From first line to last, copy the material below exactly.
========================================
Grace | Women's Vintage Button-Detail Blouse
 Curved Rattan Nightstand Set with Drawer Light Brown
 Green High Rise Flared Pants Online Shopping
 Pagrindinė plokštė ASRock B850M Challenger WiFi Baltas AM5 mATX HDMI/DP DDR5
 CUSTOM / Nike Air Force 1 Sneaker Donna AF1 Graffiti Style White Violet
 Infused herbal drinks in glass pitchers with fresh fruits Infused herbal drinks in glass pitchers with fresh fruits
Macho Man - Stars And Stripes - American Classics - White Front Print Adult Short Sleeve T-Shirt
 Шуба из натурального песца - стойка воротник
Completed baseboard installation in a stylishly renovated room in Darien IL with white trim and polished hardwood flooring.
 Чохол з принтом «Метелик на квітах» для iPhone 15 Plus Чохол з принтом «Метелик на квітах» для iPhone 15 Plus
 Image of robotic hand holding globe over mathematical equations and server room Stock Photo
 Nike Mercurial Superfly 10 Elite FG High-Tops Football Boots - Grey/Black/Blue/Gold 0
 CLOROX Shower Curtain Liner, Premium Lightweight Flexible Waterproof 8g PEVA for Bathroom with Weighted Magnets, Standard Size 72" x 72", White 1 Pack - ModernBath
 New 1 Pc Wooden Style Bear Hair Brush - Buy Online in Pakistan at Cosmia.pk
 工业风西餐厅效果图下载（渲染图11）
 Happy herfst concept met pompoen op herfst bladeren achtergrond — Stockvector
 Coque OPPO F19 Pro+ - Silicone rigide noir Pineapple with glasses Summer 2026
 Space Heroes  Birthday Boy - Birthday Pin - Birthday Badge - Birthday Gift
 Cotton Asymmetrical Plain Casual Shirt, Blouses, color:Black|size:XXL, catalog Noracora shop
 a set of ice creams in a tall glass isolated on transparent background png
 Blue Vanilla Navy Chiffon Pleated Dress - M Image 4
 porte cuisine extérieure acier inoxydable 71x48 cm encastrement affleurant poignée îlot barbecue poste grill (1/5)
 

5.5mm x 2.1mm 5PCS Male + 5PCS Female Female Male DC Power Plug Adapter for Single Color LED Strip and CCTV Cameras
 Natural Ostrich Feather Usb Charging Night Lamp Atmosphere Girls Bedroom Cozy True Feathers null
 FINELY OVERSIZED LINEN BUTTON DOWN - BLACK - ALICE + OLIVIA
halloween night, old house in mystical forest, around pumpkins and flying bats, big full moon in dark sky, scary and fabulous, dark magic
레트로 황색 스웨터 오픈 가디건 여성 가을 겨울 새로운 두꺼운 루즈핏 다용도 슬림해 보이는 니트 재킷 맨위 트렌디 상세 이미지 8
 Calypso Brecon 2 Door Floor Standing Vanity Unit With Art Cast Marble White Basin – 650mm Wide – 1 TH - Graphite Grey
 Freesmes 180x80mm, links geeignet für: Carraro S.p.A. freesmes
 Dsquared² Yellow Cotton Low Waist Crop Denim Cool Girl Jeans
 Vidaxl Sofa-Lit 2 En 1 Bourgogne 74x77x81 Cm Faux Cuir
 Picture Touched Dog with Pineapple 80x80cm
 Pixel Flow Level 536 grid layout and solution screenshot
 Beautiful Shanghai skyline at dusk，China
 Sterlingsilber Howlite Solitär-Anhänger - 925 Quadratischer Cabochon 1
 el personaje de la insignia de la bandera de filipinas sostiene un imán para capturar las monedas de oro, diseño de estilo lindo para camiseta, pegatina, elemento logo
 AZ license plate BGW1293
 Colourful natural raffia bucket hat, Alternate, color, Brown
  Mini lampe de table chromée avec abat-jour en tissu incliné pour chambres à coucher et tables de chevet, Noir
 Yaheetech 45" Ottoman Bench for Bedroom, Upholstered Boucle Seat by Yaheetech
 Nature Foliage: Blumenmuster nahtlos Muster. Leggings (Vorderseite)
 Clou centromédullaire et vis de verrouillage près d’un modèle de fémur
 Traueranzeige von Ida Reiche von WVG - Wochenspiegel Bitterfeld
========================================
Answer to this exercise
Grace | Women's Vintage Button-Detail Blouse
 Curved Rattan Nightstand Set with Drawer Light Brown
 Green High Rise Flared Pants Online Shopping
 Pagrindinė plokštė ASRock B850M Challenger WiFi Baltas AM5 mATX HDMI/DP DDR5
 CUSTOM / Nike Air Force 1 Sneaker Donna AF1 Graffiti Style White Violet
 Infused herbal drinks in glass pitchers with fresh fruits Infused herbal drinks in glass pitchers with fresh fruits
Macho Man - Stars And Stripes - American Classics - White Front Print Adult Short Sleeve T-Shirt
 Шуба из натурального песца - стойка воротник
Completed baseboard installation in a stylishly renovated room in Darien IL with white trim and polished hardwood flooring.
 Чохол з принтом «Метелик на квітах» для iPhone 15 Plus Чохол з принтом «Метелик на квітах» для iPhone 15 Plus
 Image of robotic hand holding globe over mathematical equations and server room Stock Photo
 Nike Mercurial Superfly 10 Elite FG High-Tops Football Boots - Grey/Black/Blue/Gold 0
 CLOROX Shower Curtain Liner, Premium Lightweight Flexible Waterproof 8g PEVA for Bathroom with Weighted Magnets, Standard Size 72" x 72", White 1 Pack - ModernBath
 New 1 Pc Wooden Style Bear Hair Brush - Buy Online in Pakistan at Cosmia.pk
 工业风西餐厅效果图下载（渲染图11）
 Happy herfst concept met pompoen op herfst bladeren achtergrond — Stockvector
 Coque OPPO F19 Pro+ - Silicone rigide noir Pineapple with glasses Summer 2026
 Space Heroes  Birthday Boy - Birthday Pin - Birthday Badge - Birthday Gift
 Cotton Asymmetrical Plain Casual Shirt, Blouses, color:Black|size:XXL, catalog Noracora shop
 a set of ice creams in a tall glass isolated on transparent background png
 Blue Vanilla Navy Chiffon Pleated Dress - M Image 4
 porte cuisine extérieure acier inoxydable 71x48 cm encastrement affleurant poignée îlot barbecue poste grill (1/5)
 

5.5mm x 2.1mm 5PCS Male + 5PCS Female Female Male DC Power Plug Adapter for Single Color LED Strip and CCTV Cameras
 Natural Ostrich Feather Usb Charging Night Lamp Atmosphere Girls Bedroom Cozy True Feathers null
 FINELY OVERSIZED LINEN BUTTON DOWN - BLACK - ALICE + OLIVIA
halloween night, old house in mystical forest, around pumpkins and flying bats, big full moon in dark sky, scary and fabulous, dark magic
레트로 황색 스웨터 오픈 가디건 여성 가을 겨울 새로운 두꺼운 루즈핏 다용도 슬림해 보이는 니트 재킷 맨위 트렌디 상세 이미지 8
 Calypso Brecon 2 Door Floor Standing Vanity Unit With Art Cast Marble White Basin – 650mm Wide – 1 TH - Graphite Grey
 Freesmes 180x80mm, links geeignet für: Carraro S.p.A. freesmes
 Dsquared² Yellow Cotton Low Waist Crop Denim Cool Girl Jeans
 Vidaxl Sofa-Lit 2 En 1 Bourgogne 74x77x81 Cm Faux Cuir
 Picture Touched Dog with Pineapple 80x80cm
 Pixel Flow Level 536 grid layout and solution screenshot
 Beautiful Shanghai skyline at dusk，China
 Sterlingsilber Howlite Solitär-Anhänger - 925 Quadratischer Cabochon 1
 el personaje de la insignia de la bandera de filipinas sostiene un imán para capturar las monedas de oro, diseño de estilo lindo para camiseta, pegatina, elemento logo
 AZ license plate BGW1293
 Colourful natural raffia bucket hat, Alternate, color, Brown
  Mini lampe de table chromée avec abat-jour en tissu incliné pour chambres à coucher et tables de chevet, Noir
 Yaheetech 45" Ottoman Bench for Bedroom, Upholstered Boucle Seat by Yaheetech
 Nature Foliage: Blumenmuster nahtlos Muster. Leggings (Vorderseite)
 Clou centromédullaire et vis de verrouillage près d’un modèle de fémur
 Traueranzeige von Ida Reiche von WVG - Wochenspiegel Bitterfeld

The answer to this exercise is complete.